The South did not have the votes to stop it once the newly elected Senate took office even if no Southern state had seceded. Here, as posted by former poster GOPCapitalist in 2003, is the vote calculation by Texas Senator Louis Wigfall who outlined his vote calculations on December 12, 1860 before any state had seceded. It deals with Lincoln's nominations in the future Senate, but it applies equally well to the Morrill Tariff vote.

"Tell me not that we have got the legislative department of this Government, for I say we have not. As to this body, where do we stand? Why, sir, there are now eighteen non-slaveholding States. In a few weeks we shall have the nineteenth, for Kansas will be brought in.
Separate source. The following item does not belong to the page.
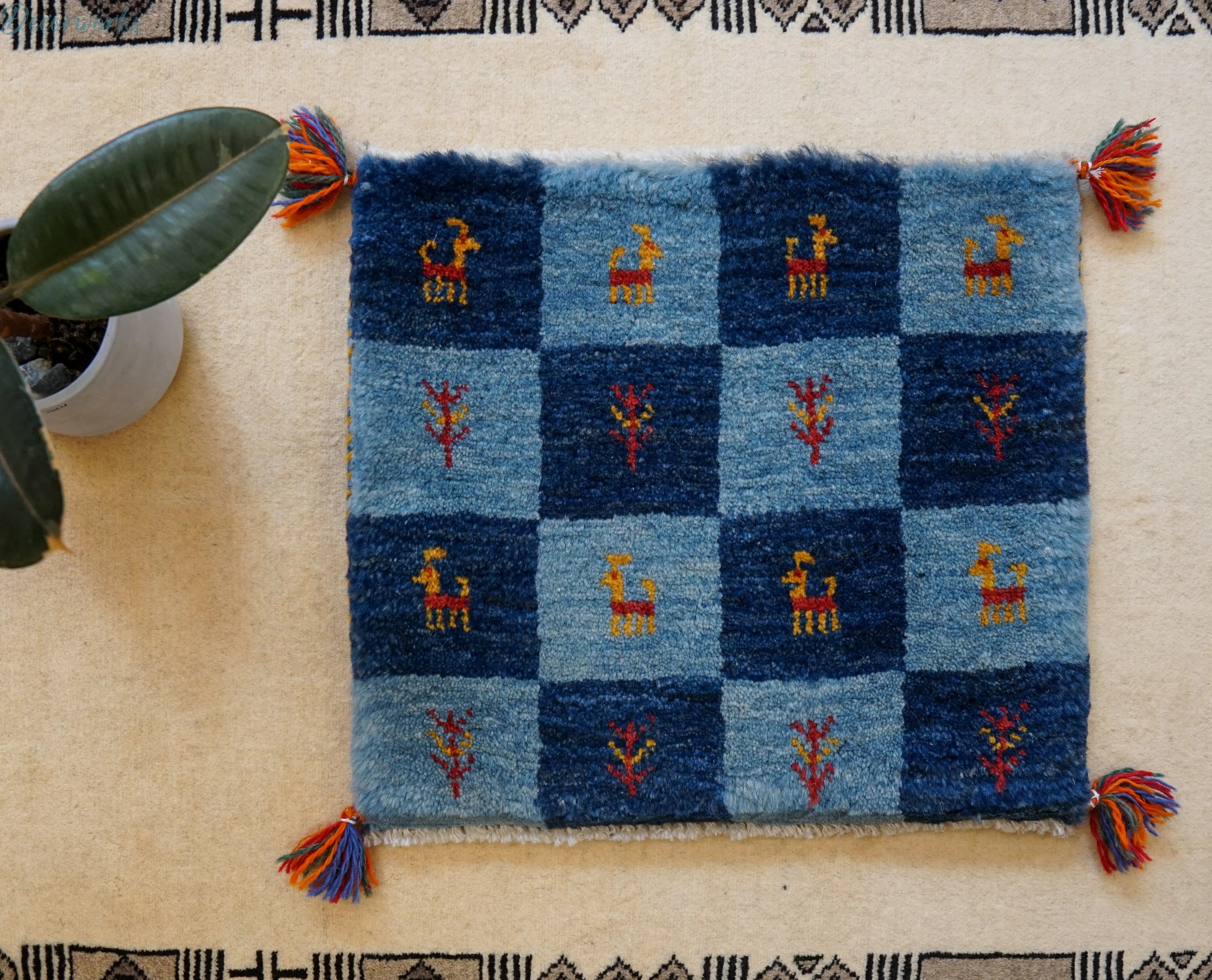 45×40cm ペルシャ絨毯 手織りギャッベ アマレ族 ギャベ - Decorworks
Then arithmetic which settles our position is simple and easy. Thirty-eight northern Senators you will have upon this floor. We shall have thirty to your thirty-eight. After the 4th of March, the Senator from California, the Senator from Indiana, the Senator from New Jersey, and the Senator from Minnesota will be here. That reduces the northern phalanx to thirty-four...There are four of the northern Senators upon whom we can rely, whom we know to be friends, whom we have trusted in our days of trial heretofore, and in whom, as Constitution-loving men, we will trust. Then we stand thirty-four to thirty-four, and your Black Republican Vice President to give the casting vote. Mr. Lincoln can make his own nominations with perfect security that they will be confirmed by this body, even if every slaveholding State should remain in the Union, which, thank God, they will not do."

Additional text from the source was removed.